> _About this task_: For the material below, output exactly the span from the line with "Holder Kantong ATM" to the line with "Rear Diffuser +", including both, and nothing besides.

> _Record excerpts_:
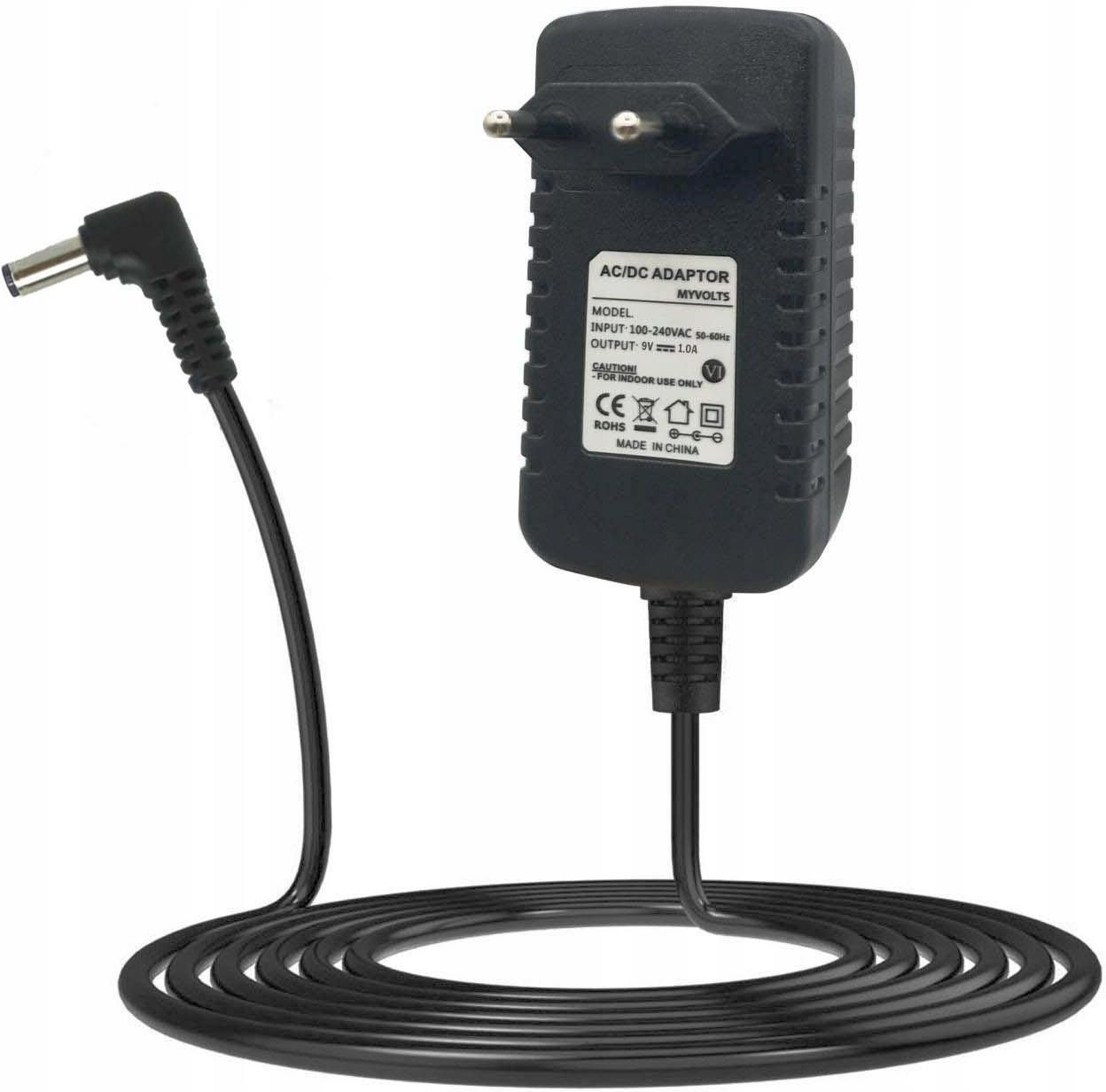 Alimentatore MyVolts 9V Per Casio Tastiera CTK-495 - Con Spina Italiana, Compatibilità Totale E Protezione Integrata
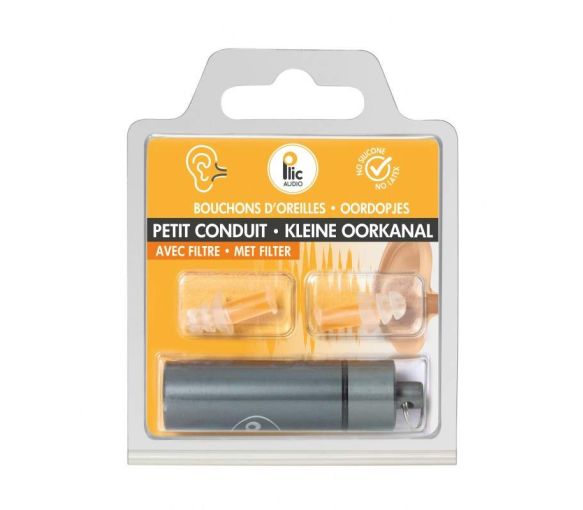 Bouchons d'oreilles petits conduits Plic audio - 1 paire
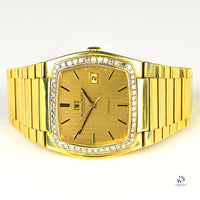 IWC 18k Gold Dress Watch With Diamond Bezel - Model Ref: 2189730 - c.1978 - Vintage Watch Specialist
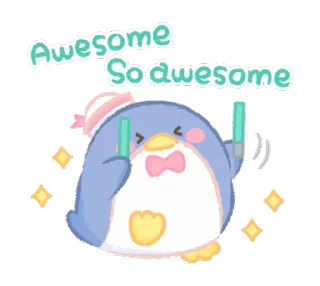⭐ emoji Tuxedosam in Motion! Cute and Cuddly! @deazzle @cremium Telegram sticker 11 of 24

--

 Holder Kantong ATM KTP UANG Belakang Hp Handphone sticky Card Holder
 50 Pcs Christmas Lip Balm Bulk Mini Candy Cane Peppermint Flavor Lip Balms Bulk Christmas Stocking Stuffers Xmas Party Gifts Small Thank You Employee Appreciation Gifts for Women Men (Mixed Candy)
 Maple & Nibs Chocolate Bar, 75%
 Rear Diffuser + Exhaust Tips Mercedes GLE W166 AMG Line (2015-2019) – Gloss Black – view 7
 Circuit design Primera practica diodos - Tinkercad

> _Answer space_:
 Holder Kantong ATM KTP UANG Belakang Hp Handphone sticky Card Holder
 50 Pcs Christmas Lip Balm Bulk Mini Candy Cane Peppermint Flavor Lip Balms Bulk Christmas Stocking Stuffers Xmas Party Gifts Small Thank You Employee Appreciation Gifts for Women Men (Mixed Candy)
 Maple & Nibs Chocolate Bar, 75%
 Rear Diffuser + Exhaust Tips Mercedes GLE W166 AMG Line (2015-2019) – Gloss Black – view 7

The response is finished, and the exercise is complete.